Hot Tub Time Machine

(15, 94 mins, Twentieth Century Fox, DVD £19.99/Bluray £28.99)

Stars: John Cusack, Rob Corddry, Craig Robinson, Clark Duke, Chevy Chase.

PARTY guy Lou (Corddry) and childhood pals Adam (Cusack) and Nick (Robinson) return to the Kodiac Valley skiing resort, which was the site of their greatest triumphs when they were teenagers. Adam drags along techno-savvy nephew Jacob (Duke) to a the hotel now in disrepair.

Thankfully the hot tub still works but sends them back in time in this raunchy buddy comedy that basks in the glow of nostalgia.

Alas, screenwriters Josh Heald, Sean Anders and John Morris rely on obligatory gross-out moments.

Cemetery Junction

(15, 90 mins, Sony Pictures Home Entertainment, DVD £19.99/Blu-ray £24.99)

Stars: Christian Cooke, Tom Hughes, Jack Doolan, Felicity Jones, Ralph Fiennes, Ricky Gervais.

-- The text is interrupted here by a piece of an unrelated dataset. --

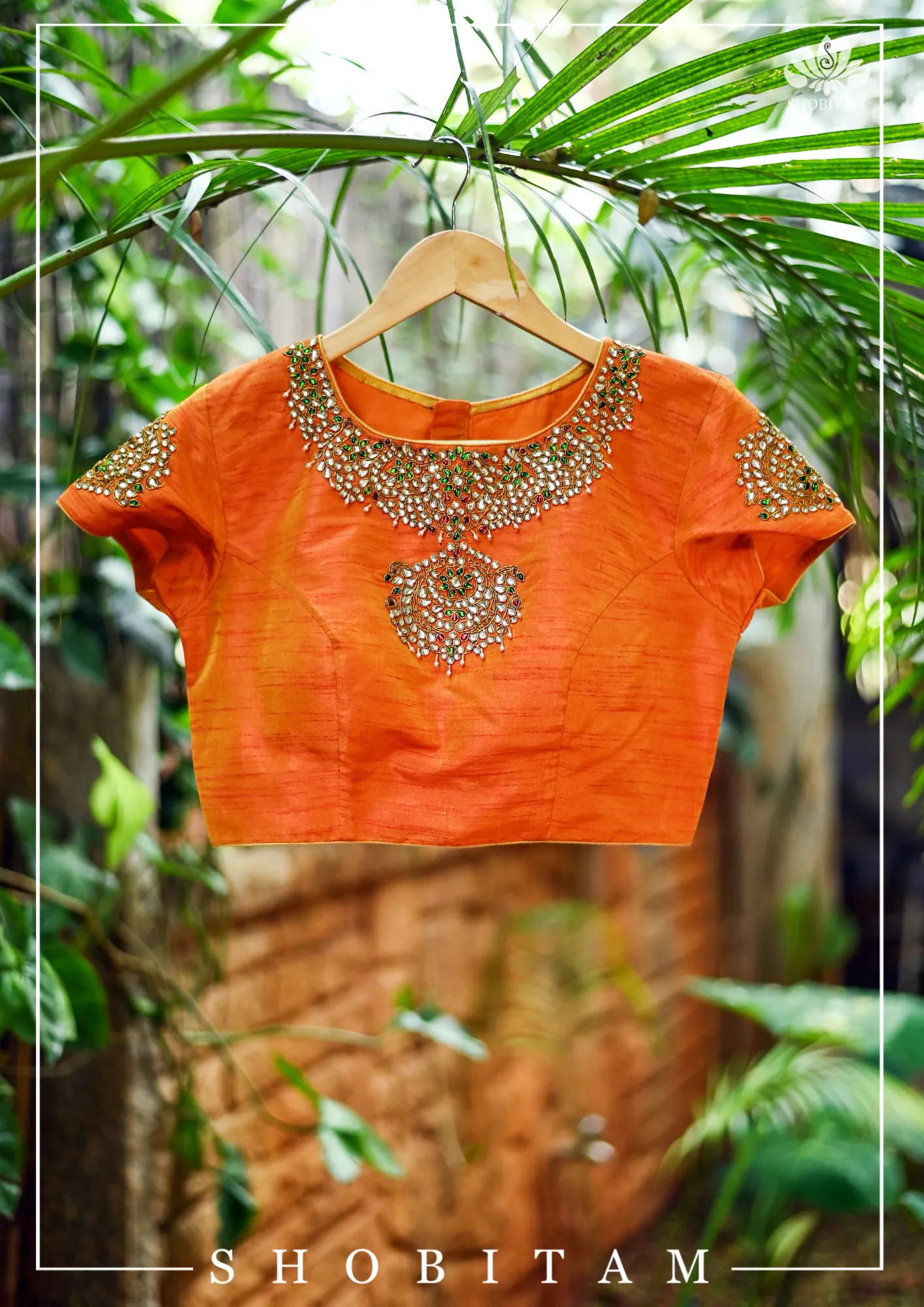 Made to Measure:  Necklace Design Jadau Ornamental  Blouse in Orange Mustard Dual Tone Pure Raw Silk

FREDDIE (Cooke) dreams of a better life while friends Bruce (Hughes) and Snork (Doolan) are happy with small-town life. He lands a door-to-door salesman with Vigilant Life Assurance and the three are forced to re-examine their friendship. Cemetery Junction is a disappointingly cosy portrait of 1970s small-town angst. If screenwriters Ricky Gervais and Stephen Merchant had been asked to pen an episode of the long running ITV drama Heartbeat, albeit with slightly fruitier language, this would be the result.

Furry Vengeance

(PG, 91 mins, E1 Entertainment, DVD £17.99/Blu-ray & DVD Combi-pack £22.99)

Stars: Brendan Fraser, Brooke Shields, Matt Prokop, Skyler Samuels.

DAN Sanders (Fraser) works for a real estate company and is ordered to destroy vast swathes of the forest. However, a tenacious raccoon and his forest friends, including a rowdy bear, fight back to protect their stomping ground.

Screenwriters Michael Carnes and Josh Gilbert set up a final showdown with all of the subtlety of a skunk’s bottom.

Four Lions

(15, 97 mins, Optimum, DVD £19.99/Blu-ray £24.99)

Stars: Riz Ahmed, Kayvan Novak, Nigel Lindsay.

OMAR (Ahmed), a devout Muslim, spearheads a terrorist cell in the heart of multi-cultural northern Britain with best friend Waj (Novak) and paranoid, white Islamic convert Barry (Lindsay). They decide to pose as charity fun runners in a London marathon, with the aim of blowing themselves up. The thorny subject is full of writer-director Chris Morris’s trademark, scabrous wit.